FINA has clarified its rules after a bit of a legal skirmish at the 2015 World Championships, officially announcing that Ryan Lochte‘s new twist on underwater kicking will be illegal in IM races moving forward.
The issue is with Lochte’s recent decision to do his underwater dolphin kicking on his back, even on freestyle races. It’s a technique Lochte and coach David Marsh came up with and debuted this summer.
Lochte is generally faster kicking on his back, and the decision helped him win his fourth consecutive world title in the 200 IM in Kazan.
Though the technique is perfectly legal in freestyle (and of course, backstroke), there was concern that it might not fly under FINA’s IM rules. The difference is that “freestyle” permits athletes to do basically any style of stroke, including any of the three other competitive strokes. But in an individual medley race specifically, the “freestyle” leg doesn’t allow for any of the three other competitive strokes to be used – that makes the race a full, four-stroke medley by preventing athletes from repeating one of the other strokes.
During the World Championships, there were rumblings that officials would define Lochte’s underwater kicks on his back as being “backstroke” under the legal definition of the rules, and that he would be disqualified for repeating a stroke in his 200 IM.
Lochte took a risk and swam his race with the new style anyway, and wasn’t disqualified.
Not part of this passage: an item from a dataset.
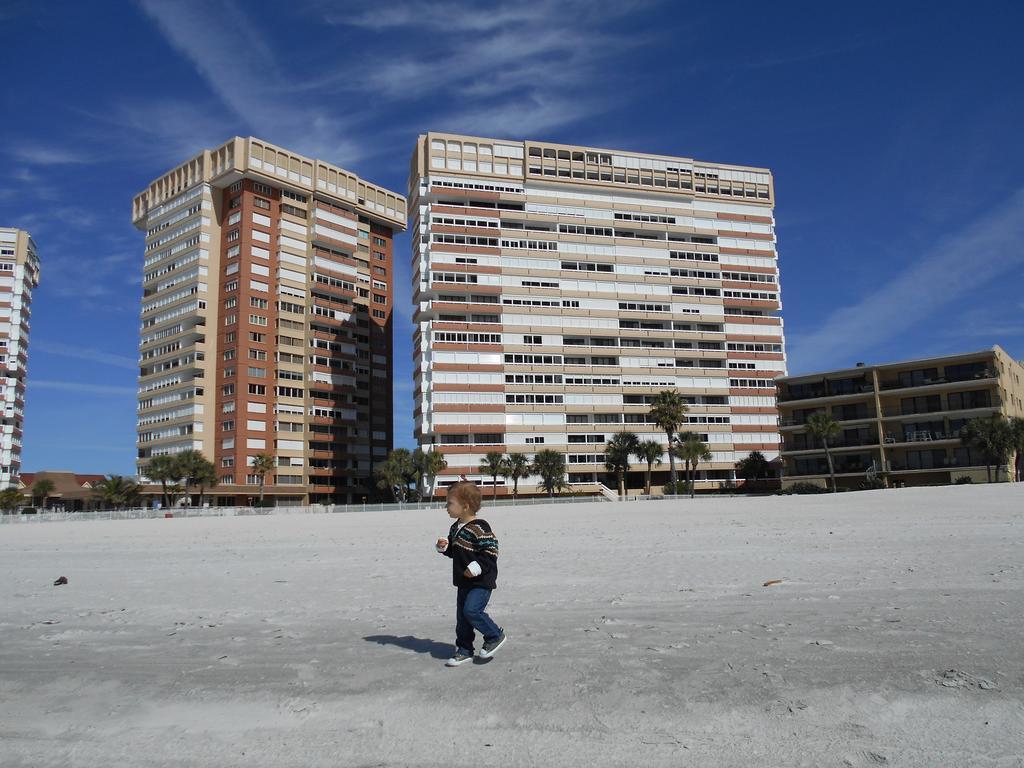 Boca Ciega Bay Apartment St. Pete Beach Exterior foto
In a post-race interview, he said he hadn’t heard of a rule prohibiting underwater kicking on one’s back, but also predicted that the rule would be changed in the future.
Turns out, Lochte was right. Germany’s SwimSportNews reports today that FINA has clarified its IM rule, noting that Lochte’s technique will be considered illegal and disqualified in any future IM races.
FINA’s rationale is that “backstroke” is defined by a swimmer traveling lying on his or her back. So in underwater kicking on his back, Lochte is technically swimming backstroke for the first 15 meters of his freestyle lengths.
That’s still perfectly legal in freestyle races, but will no longer be allowed in IM races.